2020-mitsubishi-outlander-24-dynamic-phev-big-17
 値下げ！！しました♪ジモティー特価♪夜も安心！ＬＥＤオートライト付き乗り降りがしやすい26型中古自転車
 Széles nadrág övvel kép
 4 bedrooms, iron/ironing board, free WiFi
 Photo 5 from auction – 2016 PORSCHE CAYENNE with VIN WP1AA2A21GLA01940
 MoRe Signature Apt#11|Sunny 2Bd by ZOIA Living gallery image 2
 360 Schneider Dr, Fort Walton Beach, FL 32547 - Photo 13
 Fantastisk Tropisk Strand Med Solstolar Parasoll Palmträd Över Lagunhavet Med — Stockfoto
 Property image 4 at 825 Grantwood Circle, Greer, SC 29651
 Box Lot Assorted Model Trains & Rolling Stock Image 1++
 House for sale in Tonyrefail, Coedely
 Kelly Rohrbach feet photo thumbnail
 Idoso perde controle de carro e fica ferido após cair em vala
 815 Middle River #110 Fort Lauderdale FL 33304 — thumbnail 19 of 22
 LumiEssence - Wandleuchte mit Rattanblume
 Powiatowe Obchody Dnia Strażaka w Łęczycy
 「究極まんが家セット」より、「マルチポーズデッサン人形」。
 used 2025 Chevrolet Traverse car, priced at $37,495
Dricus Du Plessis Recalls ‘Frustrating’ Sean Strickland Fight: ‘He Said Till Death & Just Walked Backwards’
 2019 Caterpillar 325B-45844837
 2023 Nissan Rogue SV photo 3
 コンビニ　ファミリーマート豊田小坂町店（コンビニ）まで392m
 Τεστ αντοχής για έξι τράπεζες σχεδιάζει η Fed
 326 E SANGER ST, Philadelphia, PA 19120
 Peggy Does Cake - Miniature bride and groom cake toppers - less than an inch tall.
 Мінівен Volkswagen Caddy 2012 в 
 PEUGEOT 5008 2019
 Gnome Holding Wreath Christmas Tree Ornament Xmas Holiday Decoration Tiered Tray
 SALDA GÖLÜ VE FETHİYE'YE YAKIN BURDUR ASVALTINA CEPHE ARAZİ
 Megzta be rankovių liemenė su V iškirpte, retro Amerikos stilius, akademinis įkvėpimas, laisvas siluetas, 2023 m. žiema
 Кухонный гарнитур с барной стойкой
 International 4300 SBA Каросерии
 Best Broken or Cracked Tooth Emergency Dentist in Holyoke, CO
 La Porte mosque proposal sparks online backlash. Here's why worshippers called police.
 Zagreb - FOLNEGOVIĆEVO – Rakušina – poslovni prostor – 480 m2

### Exercise directions
Print the material in full, exactly as written.

### Answer section
2020-mitsubishi-outlander-24-dynamic-phev-big-17
 値下げ！！しました♪ジモティー特価♪夜も安心！ＬＥＤオートライト付き乗り降りがしやすい26型中古自転車
 Széles nadrág övvel kép
 4 bedrooms, iron/ironing board, free WiFi
 Photo 5 from auction – 2016 PORSCHE CAYENNE with VIN WP1AA2A21GLA01940
 MoRe Signature Apt#11|Sunny 2Bd by ZOIA Living gallery image 2
 360 Schneider Dr, Fort Walton Beach, FL 32547 - Photo 13
 Fantastisk Tropisk Strand Med Solstolar Parasoll Palmträd Över Lagunhavet Med — Stockfoto
 Property image 4 at 825 Grantwood Circle, Greer, SC 29651
 Box Lot Assorted Model Trains & Rolling Stock Image 1++
 House for sale in Tonyrefail, Coedely
 Kelly Rohrbach feet photo thumbnail
 Idoso perde controle de carro e fica ferido após cair em vala
 815 Middle River #110 Fort Lauderdale FL 33304 — thumbnail 19 of 22
 LumiEssence - Wandleuchte mit Rattanblume
 Powiatowe Obchody Dnia Strażaka w Łęczycy
 「究極まんが家セット」より、「マルチポーズデッサン人形」。
 used 2025 Chevrolet Traverse car, priced at $37,495
Dricus Du Plessis Recalls ‘Frustrating’ Sean Strickland Fight: ‘He Said Till Death & Just Walked Backwards’
 2019 Caterpillar 325B-45844837
 2023 Nissan Rogue SV photo 3
 コンビニ　ファミリーマート豊田小坂町店（コンビニ）まで392m
 Τεστ αντοχής για έξι τράπεζες σχεδιάζει η Fed
 326 E SANGER ST, Philadelphia, PA 19120
 Peggy Does Cake - Miniature bride and groom cake toppers - less than an inch tall.
 Мінівен Volkswagen Caddy 2012 в 
 PEUGEOT 5008 2019
 Gnome Holding Wreath Christmas Tree Ornament Xmas Holiday Decoration Tiered Tray
 SALDA GÖLÜ VE FETHİYE'YE YAKIN BURDUR ASVALTINA CEPHE ARAZİ
 Megzta be rankovių liemenė su V iškirpte, retro Amerikos stilius, akademinis įkvėpimas, laisvas siluetas, 2023 m. žiema
 Кухонный гарнитур с барной стойкой
 International 4300 SBA Каросерии
 Best Broken or Cracked Tooth Emergency Dentist in Holyoke, CO
 La Porte mosque proposal sparks online backlash. Here's why worshippers called police.
 Zagreb - FOLNEGOVIĆEVO – Rakušina – poslovni prostor – 480 m2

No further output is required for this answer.